On 26 April, the UK Enterprise and Regulatory Reform Act received given Royal Assent, and came into law. The Act includes a number of key changes to UK copyright law.

The copyright reforms in the Act relate to:

  • licensing of ‘orphan works’
  • extended collective licensing
  • regulation of copyright collecting societies

The first two issues are under consideration by the Australian Law Reform Commission in connection with its inquiry into copyright and the digital economy.

The third issue was considered in Australia more than a decade ago, and resulted in the Code of Conduct for collecting societies. See also the recent decision of the General Court of the European Union regarding regulation of collecting societies in the EU.

ORPHAN WORKS

‘Orphan’ works refers to content for which a potential user has been unable to identify and/or locate a copyright owner.
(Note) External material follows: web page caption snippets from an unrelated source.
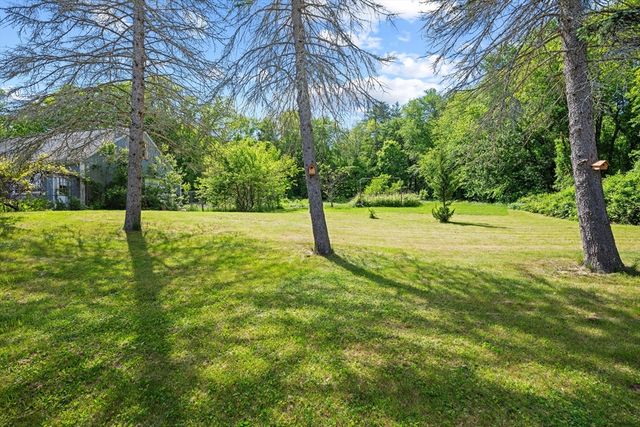 12 Mill Stone Rd, West Brookfield, MA 01585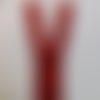 Fermeture à glissière ykk invisible et robuste, 2 cm de large, 24 cm de long, 20 de zip, couleur rouge, neuve, produit eu, à l'unité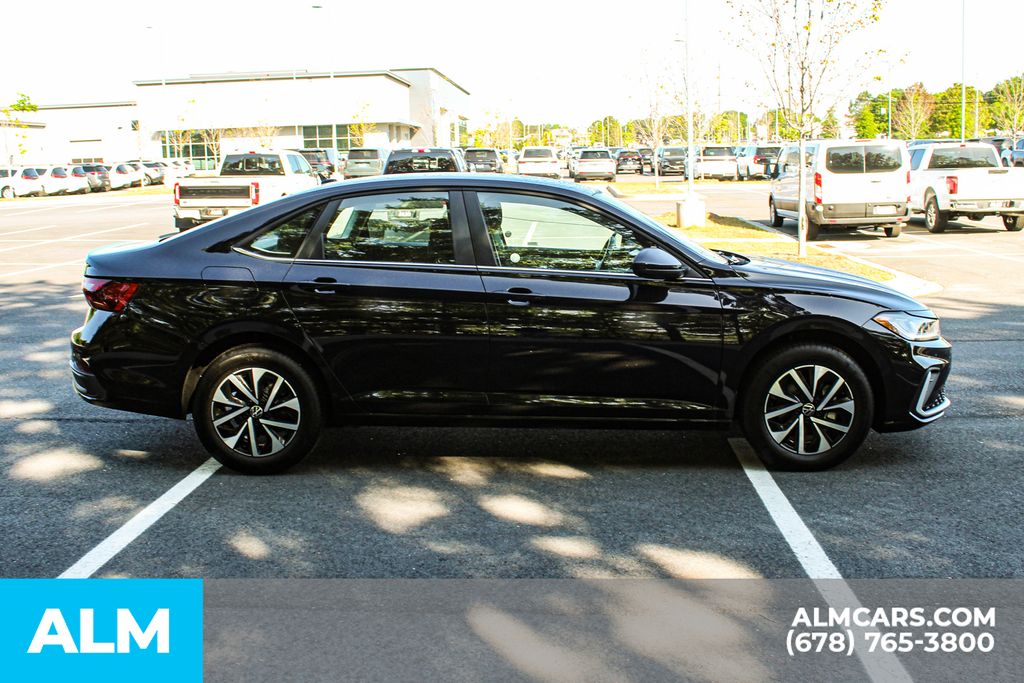 Used 2025 Black Volkswagen 1.5T S image 9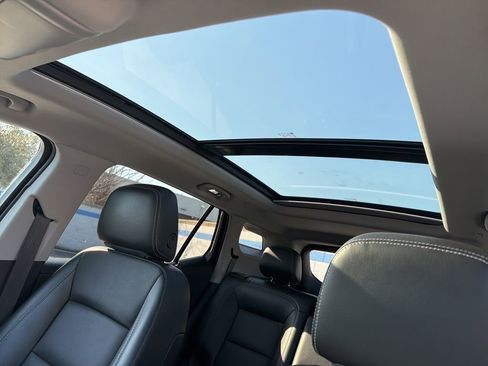 Used 2023 GMC Terrain SLT w/ Tech Package image 11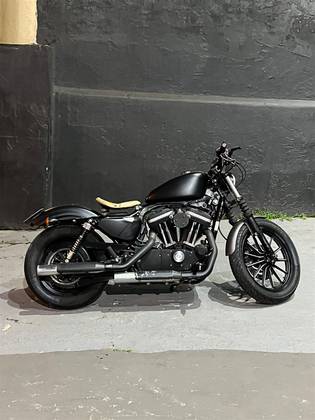 HARLEY-DAVIDSON SPORTSTER IRON 883 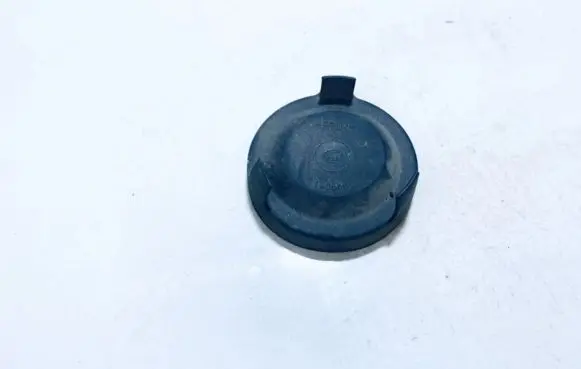 Volkswagen PASSAT B5 Headlight/headlamp dust cover 143688
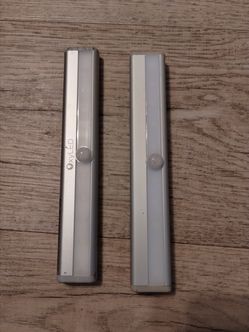 2 Battery Operated Motion Senso LED Lights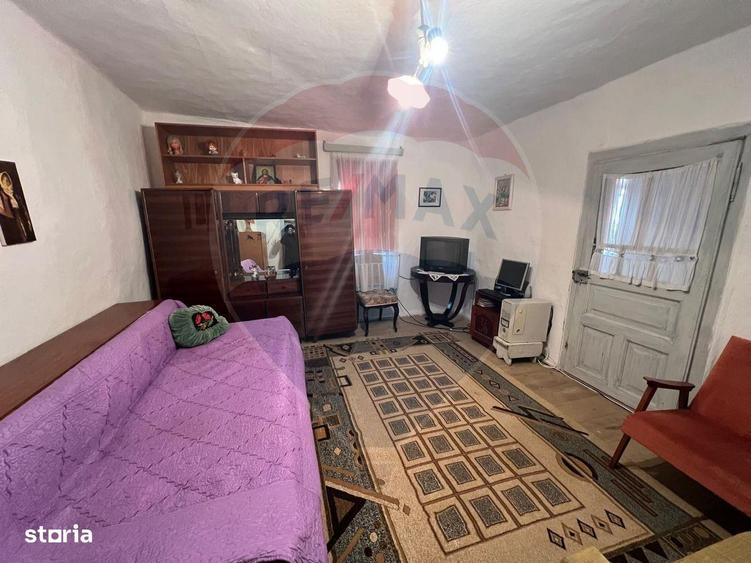 Casă cu 4 camere cu Teren 1000 Mp în Ciorăști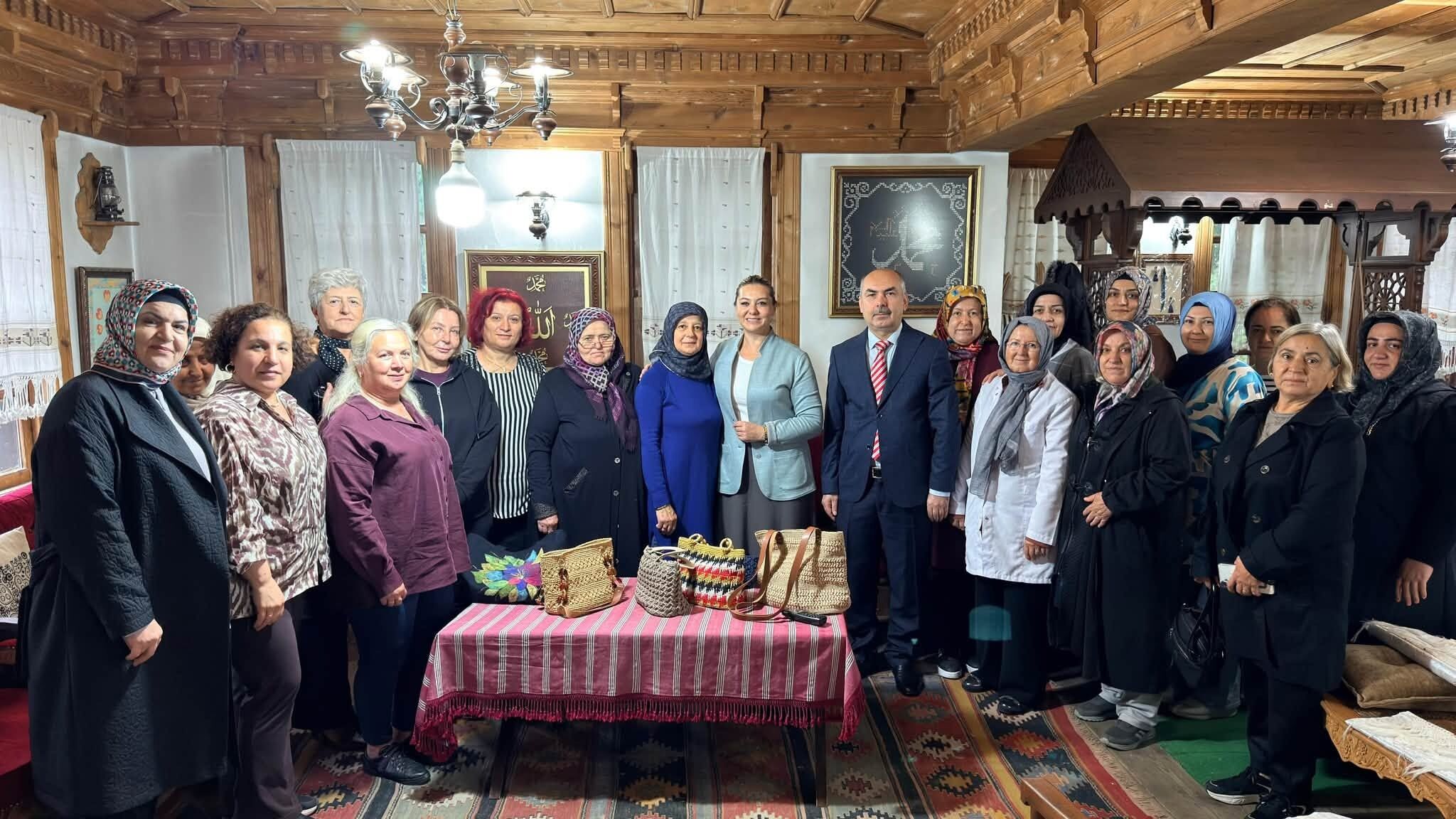 Gelenekten Geleceğe Uzanan Köprüye Vekil Serap Ekmekci'den Destek (2)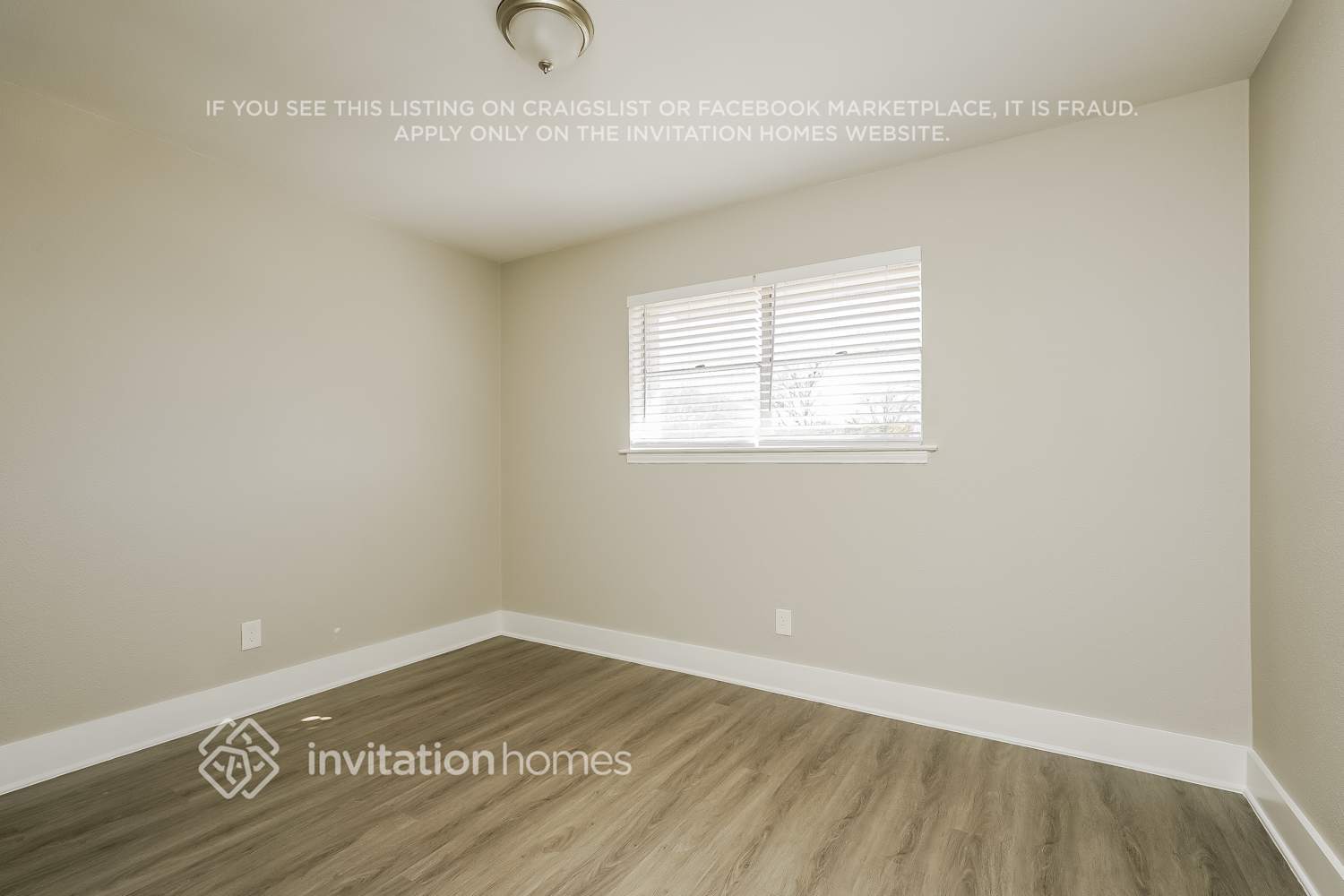 Building Photo - 923 Meadow Mead Dr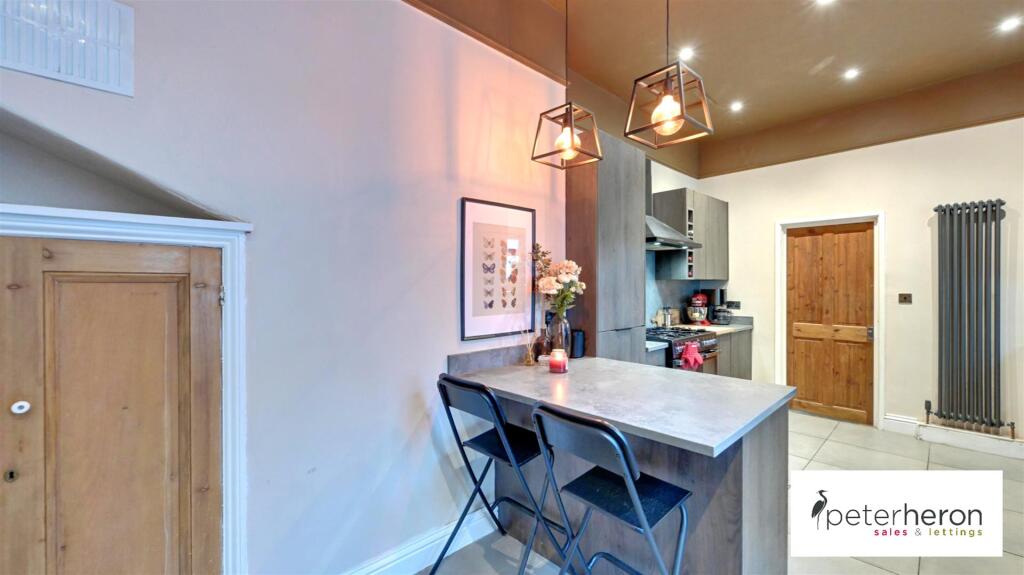 Breakfasting Kitchen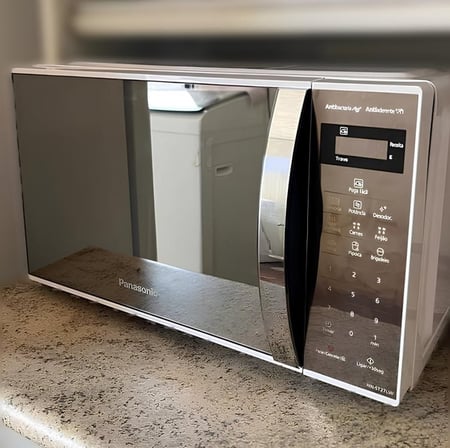 Microondas Panasonic Nn-st27lwru 21l Branco Espelhado Tecnologia Pega Fácil
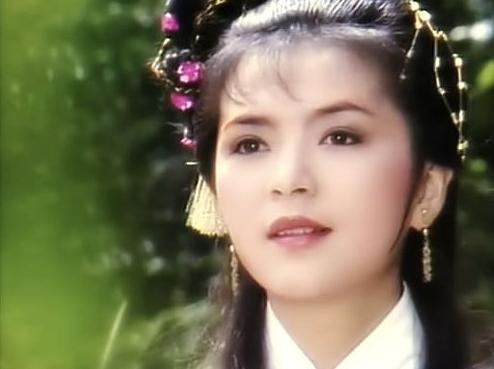 陈玉莲的脸型有点胖乎乎的美,眼神也很深邃,很淡雅冷艳,忧郁的时候竟有点林黛玉的感觉。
The issue arises most often in relation to the digitisation of collections by cultural institutions such as libraries and museums: ‘mass digitisation’. It is also raised in other contexts, usually in relation to a ‘one-off’ use, which may be a ‘commercial use’. For example, SBS has experienced difficulties getting copyright clearances for TV programs it holds in its archives, to enable them to be released on DVD.

More:

EXTENDED COLLECTIVE LICENSING

Extended collective licensing is a system whereby a rights management organisation with authority from a sufficient proportion of rightsholders in a class can apply (e.g. to the government) for authority to represent others in that class unless they opt out. The system is well-established in Scandinavian countries, and is being considered elsewhere. It is canvassed by the ALRC in its Issues Paper in the chapter on orphan works.